*** Task material ***

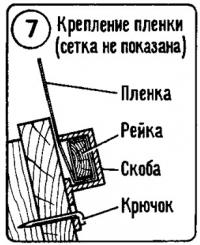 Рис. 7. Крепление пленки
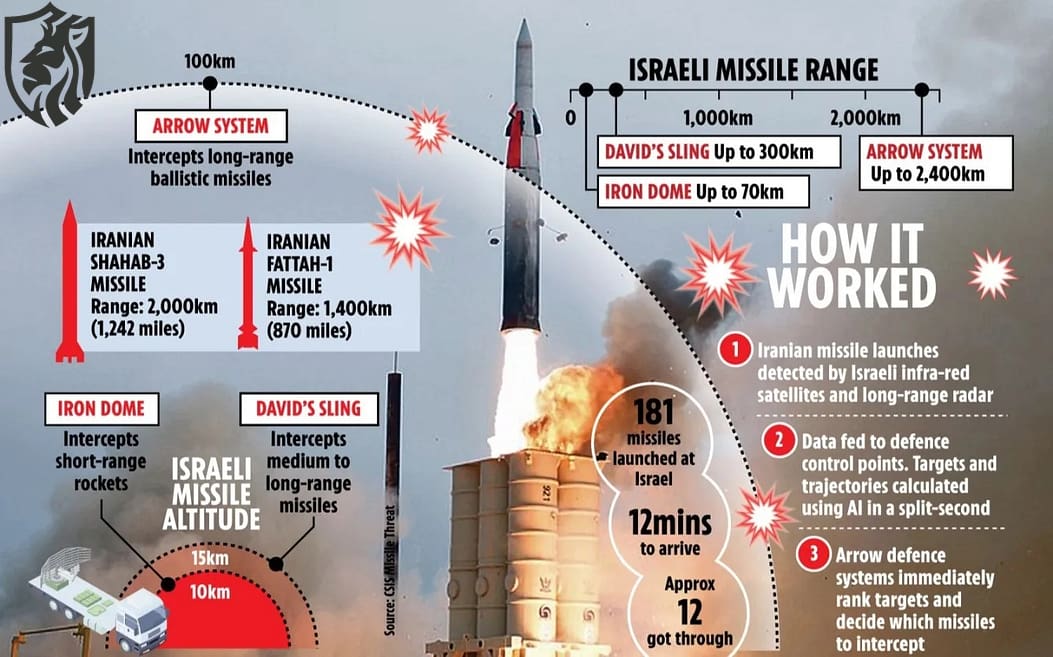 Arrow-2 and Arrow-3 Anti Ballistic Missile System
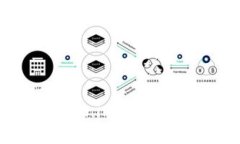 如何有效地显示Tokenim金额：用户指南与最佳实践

*** End of Task material ***
*** Task material ***

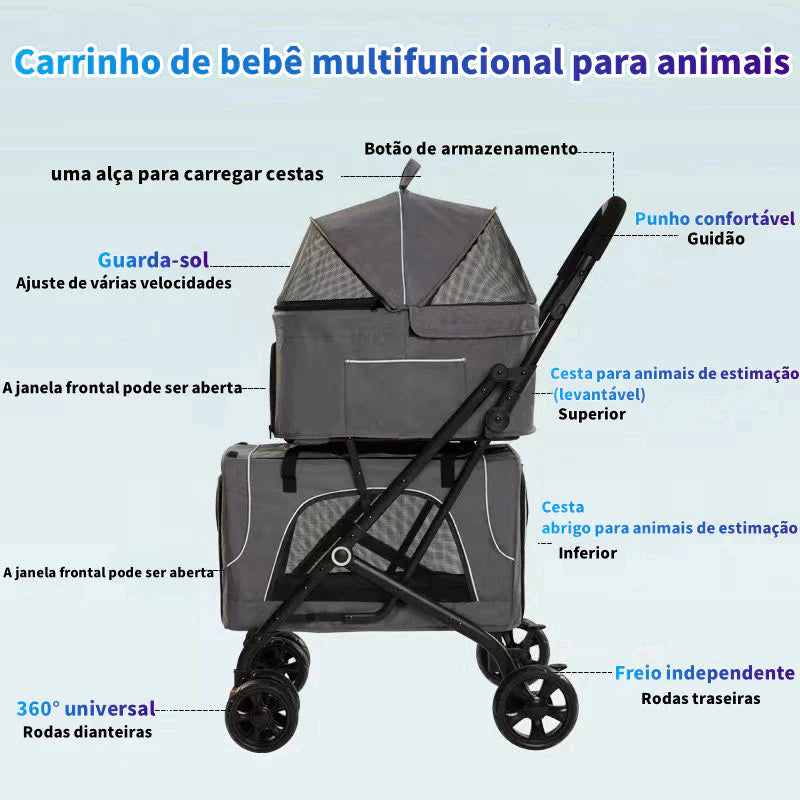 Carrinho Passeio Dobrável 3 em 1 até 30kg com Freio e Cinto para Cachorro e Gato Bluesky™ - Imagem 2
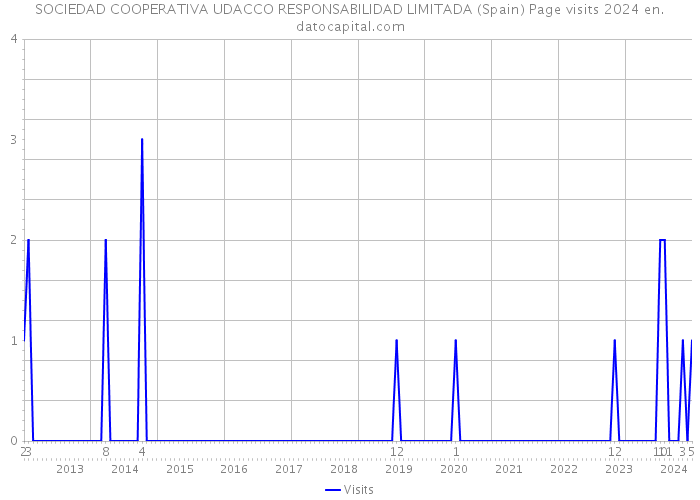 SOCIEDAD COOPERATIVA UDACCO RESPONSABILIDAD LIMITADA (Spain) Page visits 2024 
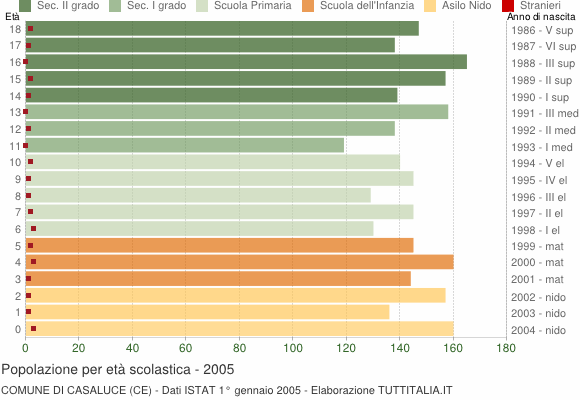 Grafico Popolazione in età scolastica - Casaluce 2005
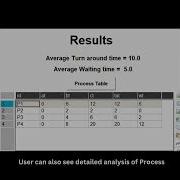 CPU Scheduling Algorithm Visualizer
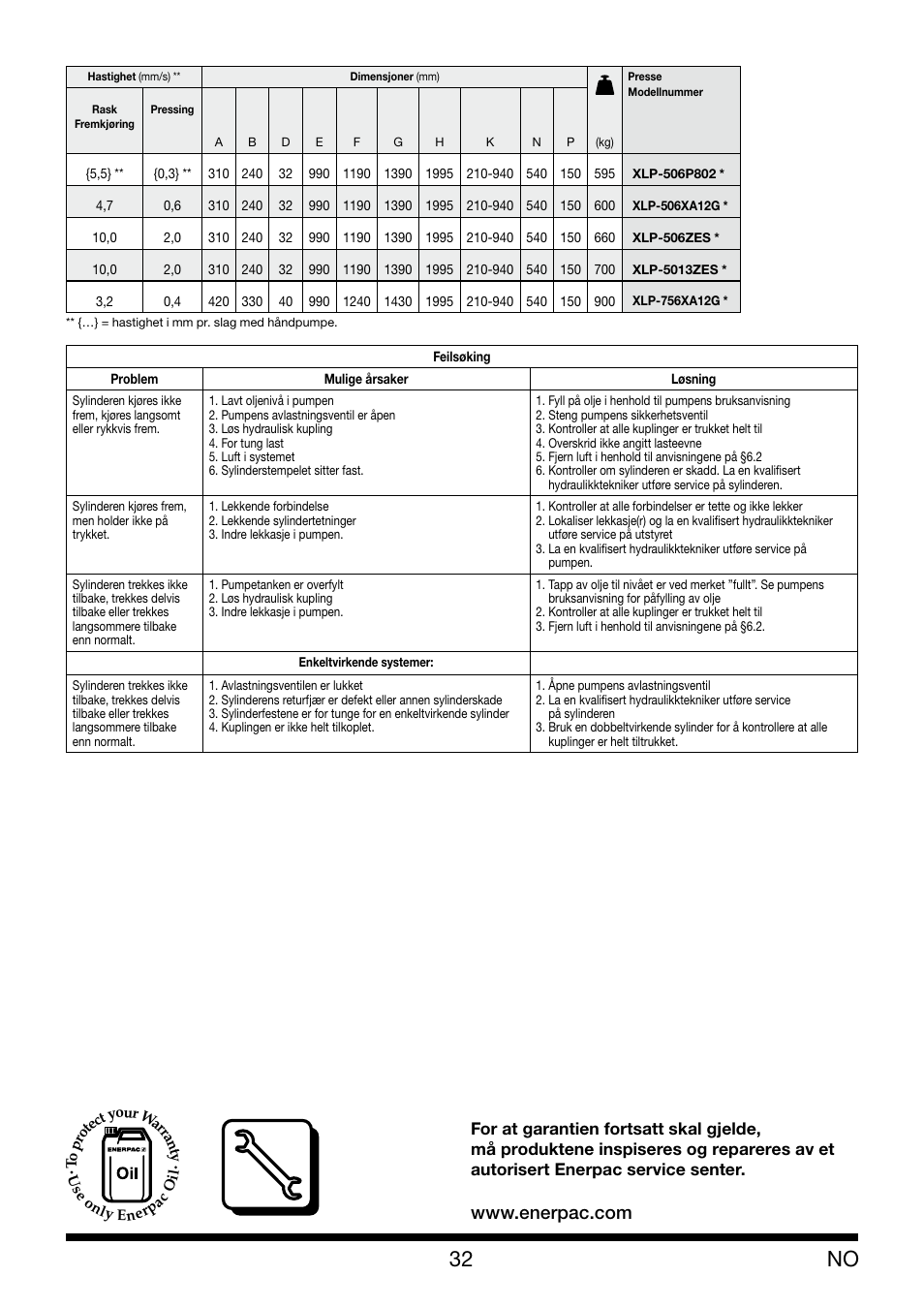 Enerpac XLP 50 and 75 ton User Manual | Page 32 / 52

*** End of Task material ***
*** Task material ***

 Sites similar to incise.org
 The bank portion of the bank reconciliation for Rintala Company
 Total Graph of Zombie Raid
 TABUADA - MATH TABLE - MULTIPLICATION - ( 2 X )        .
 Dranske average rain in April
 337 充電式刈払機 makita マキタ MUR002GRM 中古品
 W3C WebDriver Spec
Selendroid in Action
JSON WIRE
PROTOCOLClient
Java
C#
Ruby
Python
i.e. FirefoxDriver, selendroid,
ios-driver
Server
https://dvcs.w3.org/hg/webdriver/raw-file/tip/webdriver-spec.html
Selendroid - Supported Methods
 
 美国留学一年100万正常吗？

*** End of Task material ***

Task item.
Reproduce, character for character, only the lines of the preceding data that start at the line with "Dranske average rain in April" and end at the line with "美国留学一年100万正常吗？", both included.

Response to the task.
 Dranske average rain in April
 337 充電式刈払機 makita マキタ MUR002GRM 中古品
 W3C WebDriver Spec
Selendroid in Action
JSON WIRE
PROTOCOLClient
Java
C#
Ruby
Python
i.e. FirefoxDriver, selendroid,
ios-driver
Server
https://dvcs.w3.org/hg/webdriver/raw-file/tip/webdriver-spec.html
Selendroid - Supported Methods
 
 美国留学一年100万正常吗？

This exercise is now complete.